Desde 2005, Passos ocupava o cargo de diretor-administrativo da Itaipu Binacional, onde começou como conselheiro. Por mais de 50 anos, exerceu advocacia nos estados do Paraná e de Santa Catarina, assessorando e auxiliando inúmeras entidades sindicais. Segundo comunicado emitido pelo escritório que fundou, "Passos & Lunard - Defesa de Trabalhadores", vinha enfrentando problemas de saúde no último ano. Ele deixa a esposa, Cleoci, e quatro filhos: Ana Beatriz, André, Estevão e Valquíria. "O maestro morreu, mas não a sua obra. Edésio Passos deixou uma legião de seguidores, pessoas em busca de construir um mundo melhor a partir do seu legado", afirmou o diretor-geral brasileiro da usina, Jorge Samek.

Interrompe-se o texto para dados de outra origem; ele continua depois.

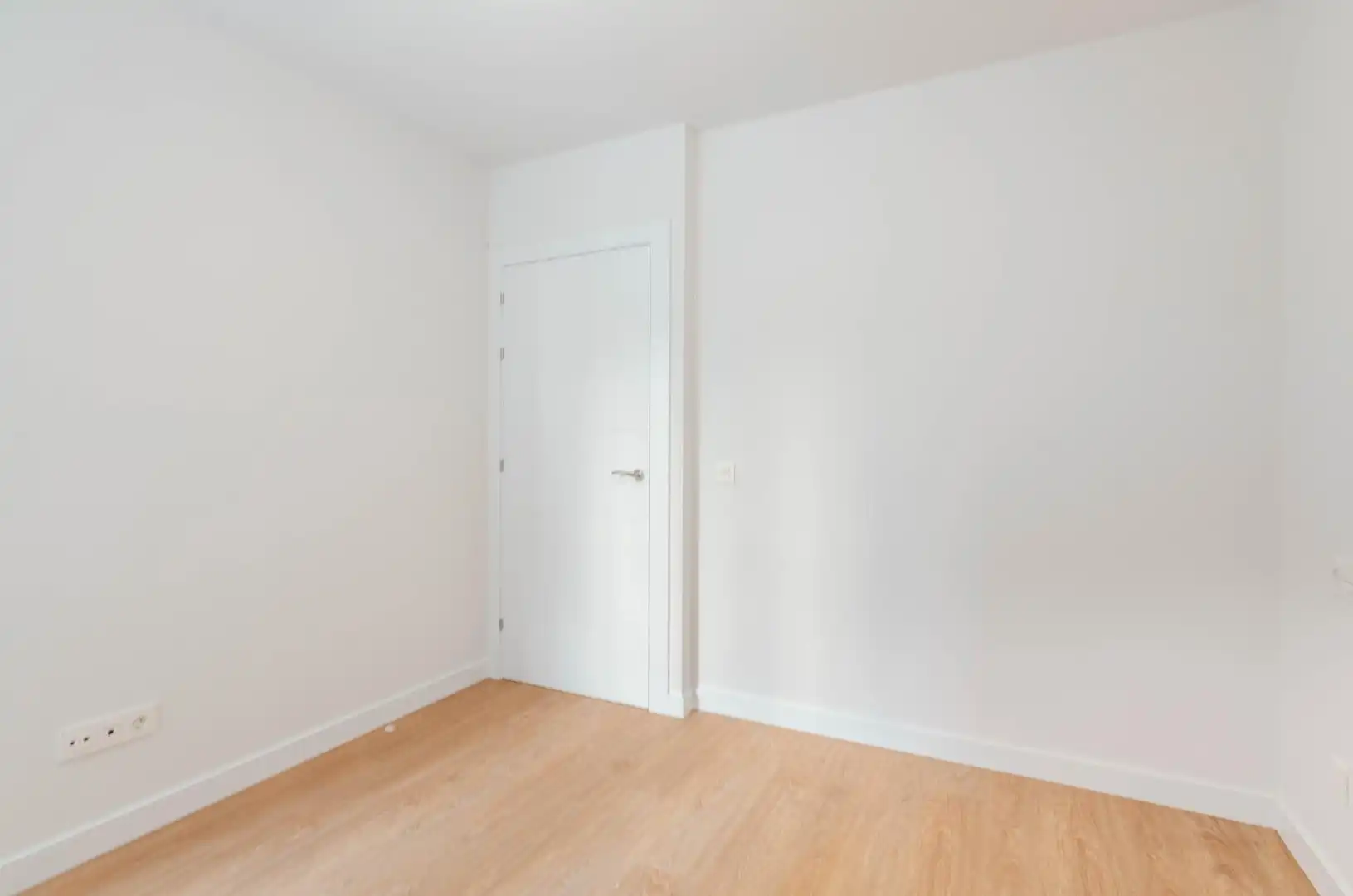 Bedroom of Flat for sale in Gijón   with Heating and Storage room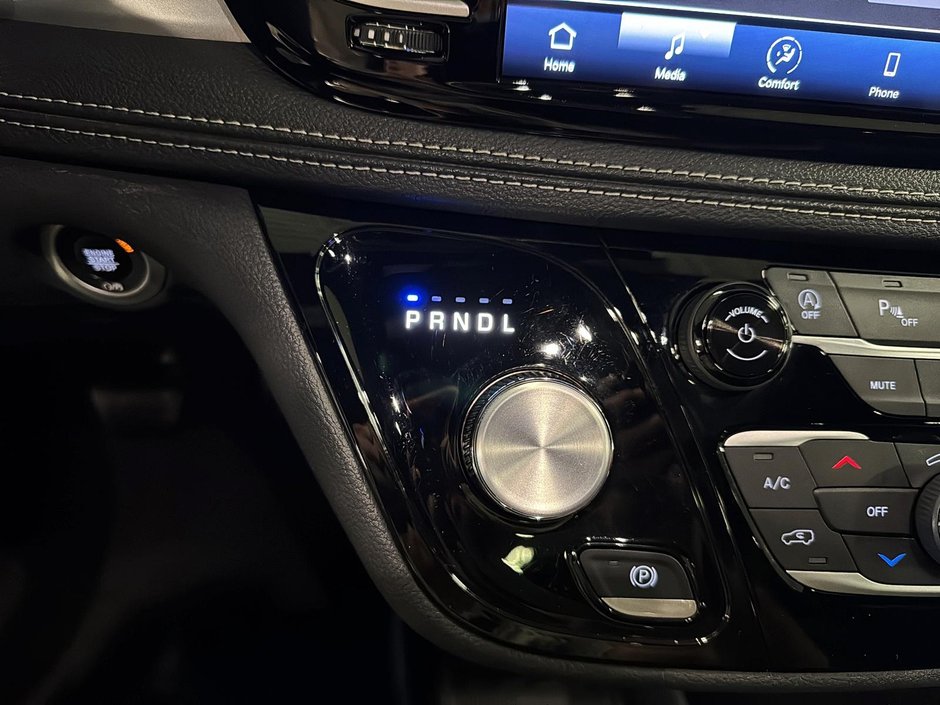2024 Chrysler Pacifica Touring-L Apparence S-14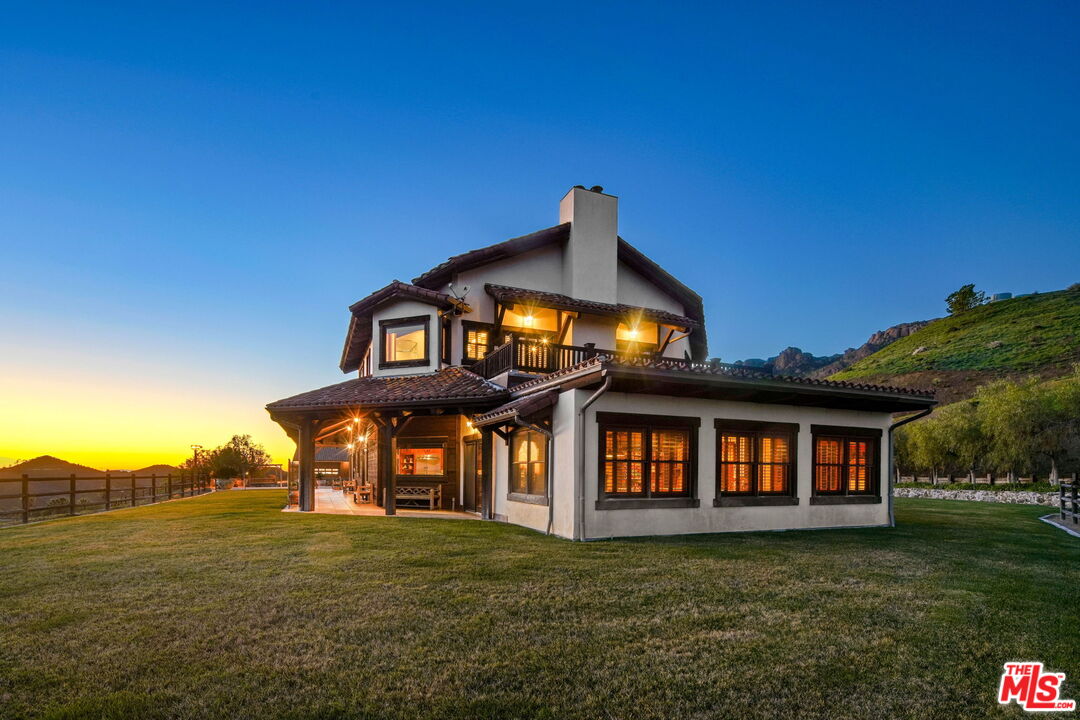 12486 Yerba Buena Rd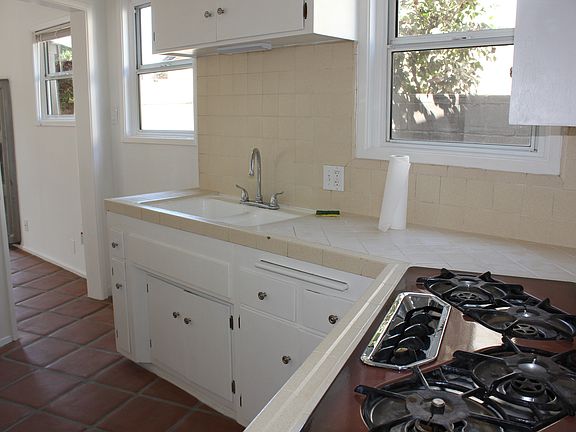 4th image of 301 1/2 E Hyde Park Blvd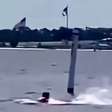 Funcionário da Marinha dos EUA é atacado por tubarão na Flórida; veja o momento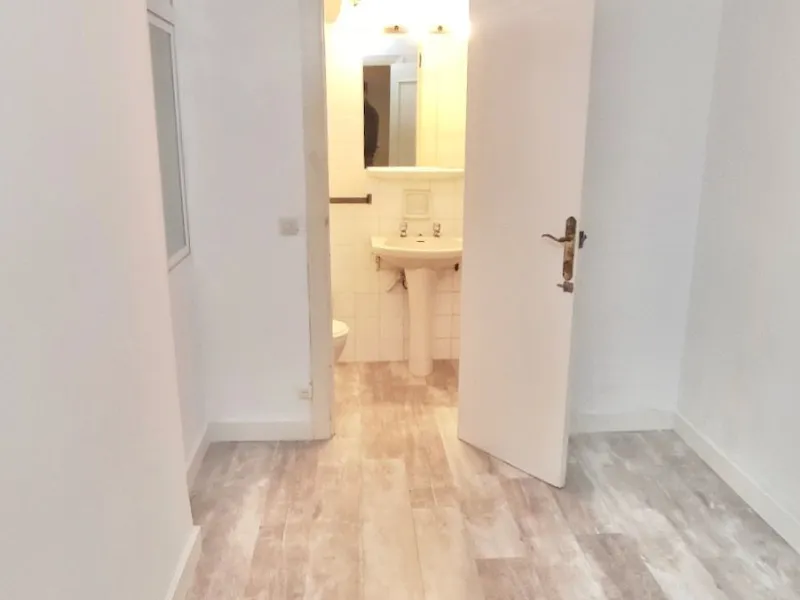Apartment - Middle Floor Apartment в продаже в Marbella, Málaga. В доме 4 спален и 3 ванных комнат. Площадь дома 158 м²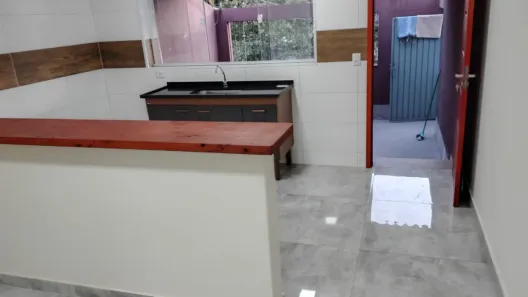 Casa com 2 Quartos para alugar, 50m² no Vila Campesina, Osasco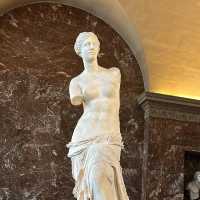 Once-in-a-lifetime Louvre experience
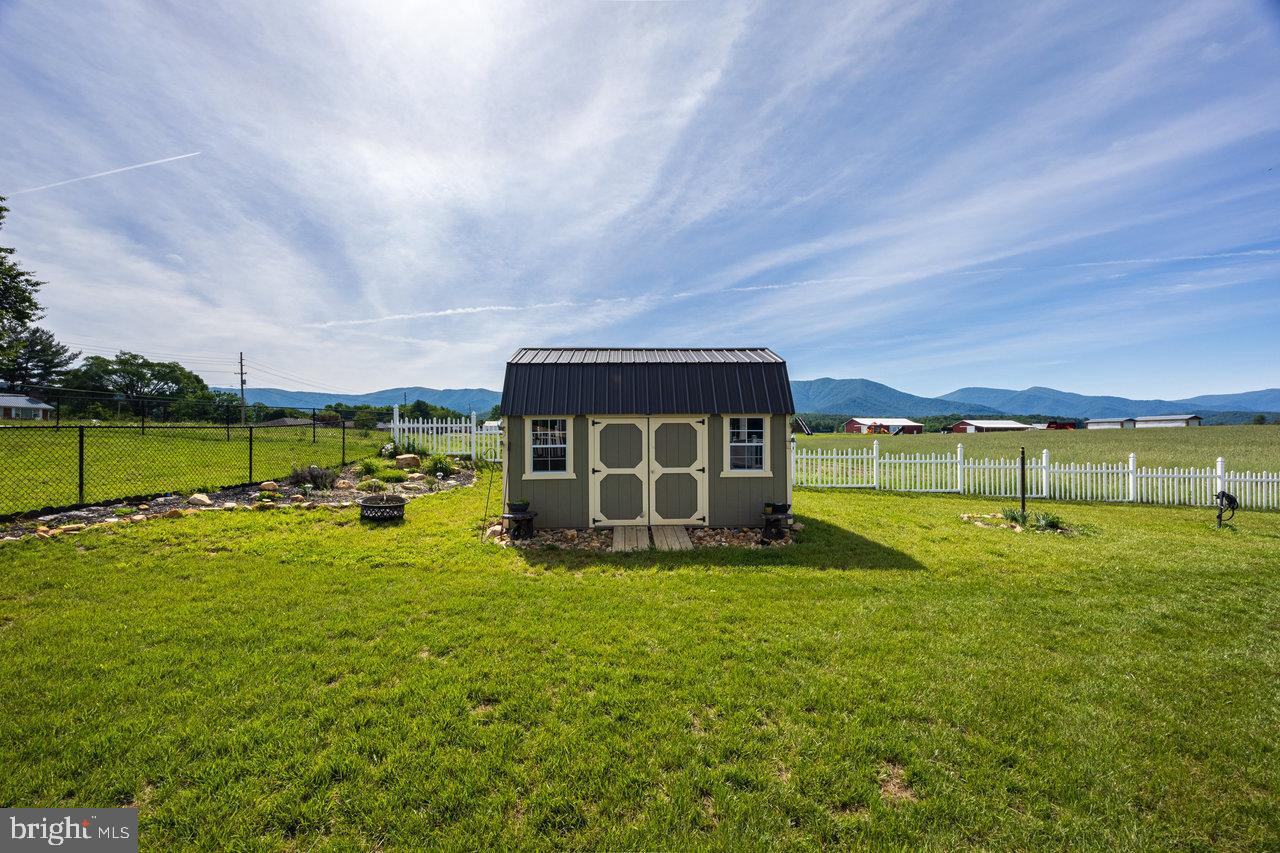53 ARTHUR LN, LURAY, Virginia 22835, 3 Bedrooms Bedrooms, ,2 BathroomsBathrooms,Residential,For sale,53 ARTHUR LN,VAPA2004920 MLS # VAPA2004920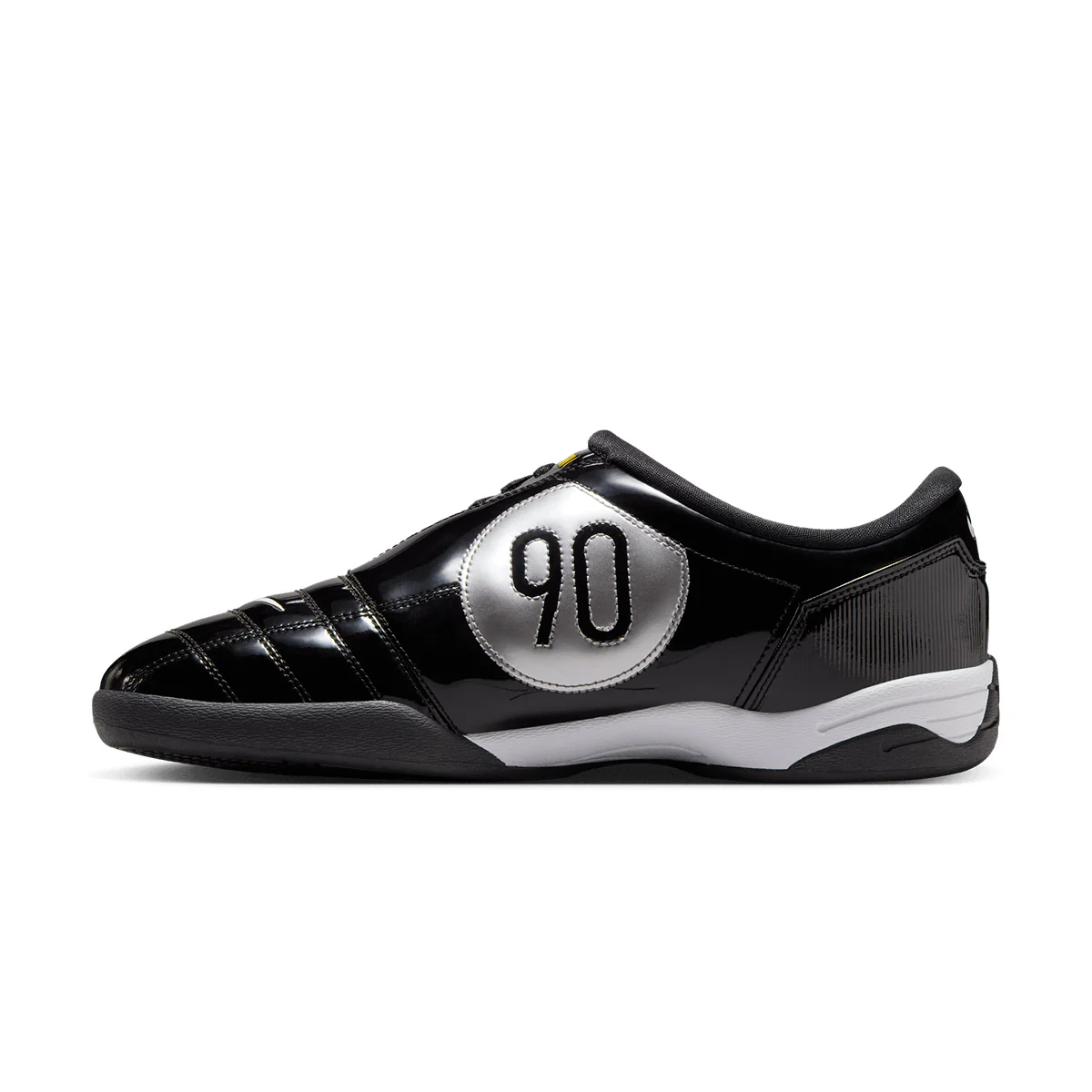 Total 90 III 'Black White' - Image 3
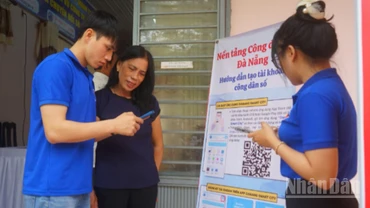 Thanh niên tình nguyện hướng dẫn người dân cài đặt ứng dụng Danang smart city.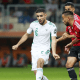 الجزائري أحمد قندوسي (يسار) في مباراة منتخب بلاده ضد ليبيا في افتتاح شان 2022 (Getty) ون ون win win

O falecimento foi lembrado na sessão desta terça-feira (9) da Assembleia Legislativa (AL). Em discurso na tribuna da Casa, o deputado estadual Péricles de Mello (PT) disse que o correligionário foi "um lutador das causas sociais e um dos grandes intelectuais e lideranças do Paraná no século XX". Passos foi ainda diretor do Sindicato dos Jornalistas Profissionais do Paraná (SindijorPR) na década de 1960. Era repórter do jornal "O Estado do Paraná" quando ocorreu a primeira greve da categoria no Estado. A paralisação durou três dias e atingiu praticamente todas as redações de Curitiba. Em nota, o SindijorPR lamentou profundamente a perda.
"O jornalista tem que entender de tudo, participar, estar vivo no processo. Eu não era redator. Eu era repórter. Tinha que estar na rua, vivendo com o povo, e isso foi extremamente importante", escreveu o advogado, no livro "Edésio Passos 50 anos de advocacia", lançado em 2012, como parte de um projeto biográfico.